Spline regression models are promising in fitting study-specific flexible exposure-response relationships. However, as shown in Figure 8 and Figure 9 there are only 3 to 5 data points in each of the bladder cancer and lung cancer studies. Figure 8 and Figure 9 present study specific exposure response relationships for bladder and lung cancer studies respectively. As evident from Figure 8 and Figure 9, there is lack of homogeneity in terms of exposure metrics as well as shape of the exposure response relationships. These figures also show the sparseness in the data for which the computation of the study specific spline models was not possible. With only one knot position at 50^th percentile, we were able to estimate the regression parameters but not their variance-covariance matrix. Thus it was not possible to combine the study specific regression coefficients from the study specific spline models. As a result, we do not include study specific spline models in the multivariate meta-analysis for the bladder cancer studies or lung cancer studies. This means that only estimates of the coefficients from the fractional polynomial models are combined using the multivariate meta-analysis.

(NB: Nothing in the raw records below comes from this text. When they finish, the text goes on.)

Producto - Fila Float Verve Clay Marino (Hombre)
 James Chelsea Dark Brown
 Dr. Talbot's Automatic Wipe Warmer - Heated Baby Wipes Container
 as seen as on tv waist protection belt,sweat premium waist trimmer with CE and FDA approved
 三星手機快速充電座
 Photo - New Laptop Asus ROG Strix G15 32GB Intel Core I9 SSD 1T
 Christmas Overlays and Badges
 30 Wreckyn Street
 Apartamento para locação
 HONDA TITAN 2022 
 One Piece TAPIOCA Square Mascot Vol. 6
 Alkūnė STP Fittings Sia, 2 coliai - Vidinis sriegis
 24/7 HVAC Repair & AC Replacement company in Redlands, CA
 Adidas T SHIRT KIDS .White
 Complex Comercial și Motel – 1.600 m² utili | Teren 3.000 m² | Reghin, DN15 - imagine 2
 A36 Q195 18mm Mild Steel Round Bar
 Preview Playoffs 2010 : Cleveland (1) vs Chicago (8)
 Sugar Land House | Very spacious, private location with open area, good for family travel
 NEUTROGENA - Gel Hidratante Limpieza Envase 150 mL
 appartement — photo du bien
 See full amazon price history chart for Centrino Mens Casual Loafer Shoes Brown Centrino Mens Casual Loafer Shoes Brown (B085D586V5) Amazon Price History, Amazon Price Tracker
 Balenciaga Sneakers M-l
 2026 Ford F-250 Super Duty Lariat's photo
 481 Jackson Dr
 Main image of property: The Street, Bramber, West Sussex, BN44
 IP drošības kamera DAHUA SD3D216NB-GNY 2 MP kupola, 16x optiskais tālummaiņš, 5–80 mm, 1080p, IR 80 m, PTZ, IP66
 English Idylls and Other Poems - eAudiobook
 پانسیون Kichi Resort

Future studies investigating the association between exposure to low to moderate levels of arsenic and internal cancers can extend this work by including additional co-variate information. For instance, smoking status could be included to determine its effect on the dose-response relationships. This article can also be extended by obtaining additional data on low and especially moderate dose arsenic exposure levels and internal cancer for finer analyses. Due to the computational limitations for spline regression models with sparse data, our results were limited to only fractional polynomial models. This could be overcome, with additional data or the development of methods for modeling sparse data.